- _WORK INSTRUCTIONS_:
Using the records below, transcribe word for word the stretch from the line that contains "Huddersfield Giants v" through the line that contains "Scandinavian Table Lamp", both end lines included, and nothing else.

- _DATASET CONTENT_:
──────────

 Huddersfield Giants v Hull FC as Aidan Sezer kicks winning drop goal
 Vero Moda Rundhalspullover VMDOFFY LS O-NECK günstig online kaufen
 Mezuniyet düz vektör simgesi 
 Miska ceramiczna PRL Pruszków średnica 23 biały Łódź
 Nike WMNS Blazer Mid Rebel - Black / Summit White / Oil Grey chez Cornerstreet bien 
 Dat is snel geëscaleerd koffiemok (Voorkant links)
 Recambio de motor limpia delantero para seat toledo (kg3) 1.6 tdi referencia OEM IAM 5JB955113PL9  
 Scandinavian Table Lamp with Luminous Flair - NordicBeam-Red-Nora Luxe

──────────

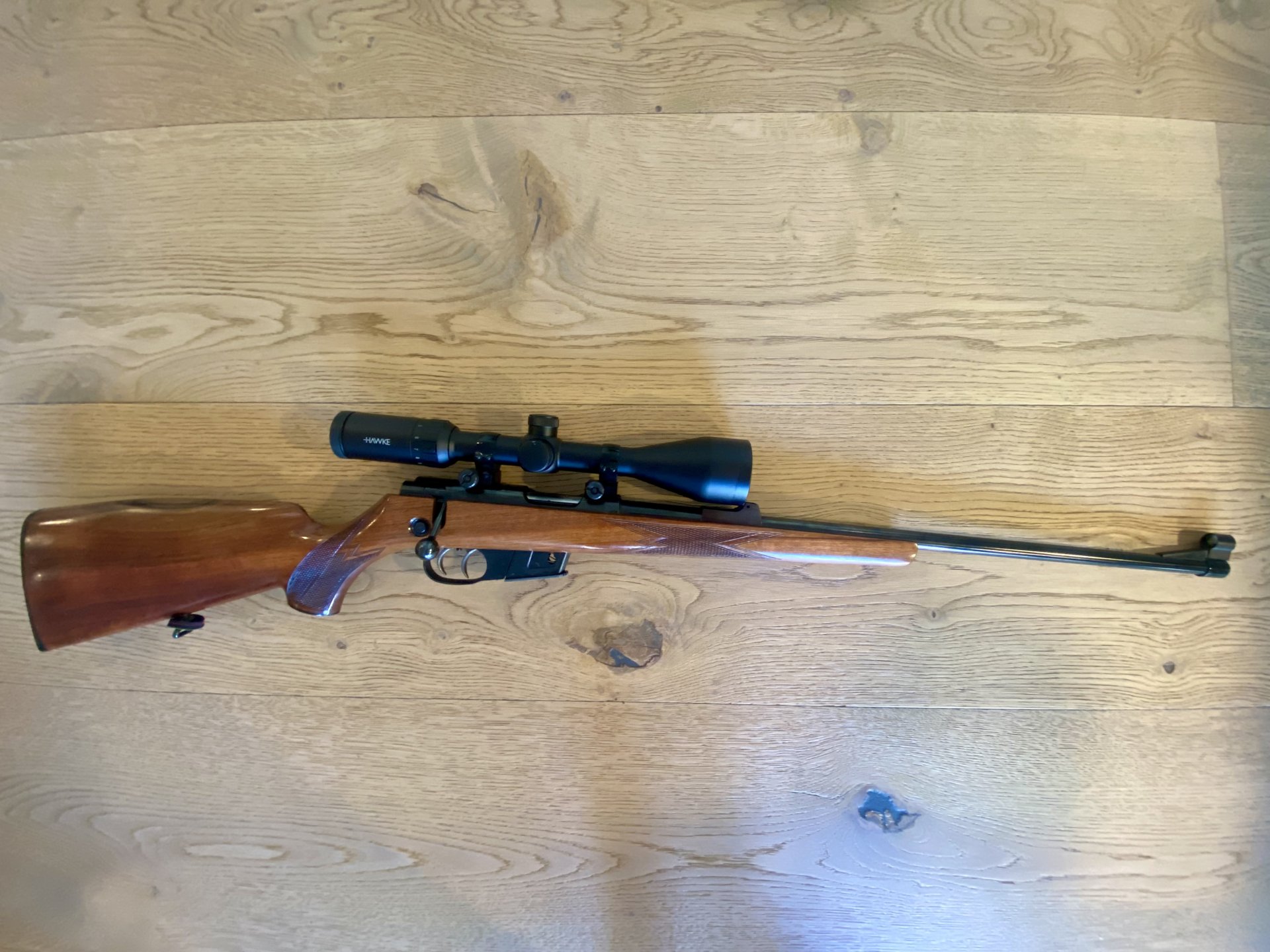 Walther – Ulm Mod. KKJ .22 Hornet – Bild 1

──────────

- _YOUR RESPONSE_:
 Huddersfield Giants v Hull FC as Aidan Sezer kicks winning drop goal
 Vero Moda Rundhalspullover VMDOFFY LS O-NECK günstig online kaufen
 Mezuniyet düz vektör simgesi 
 Miska ceramiczna PRL Pruszków średnica 23 biały Łódź
 Nike WMNS Blazer Mid Rebel - Black / Summit White / Oil Grey chez Cornerstreet bien 
 Dat is snel geëscaleerd koffiemok (Voorkant links)
 Recambio de motor limpia delantero para seat toledo (kg3) 1.6 tdi referencia OEM IAM 5JB955113PL9  
 Scandinavian Table Lamp with Luminous Flair - NordicBeam-Red-Nora Luxe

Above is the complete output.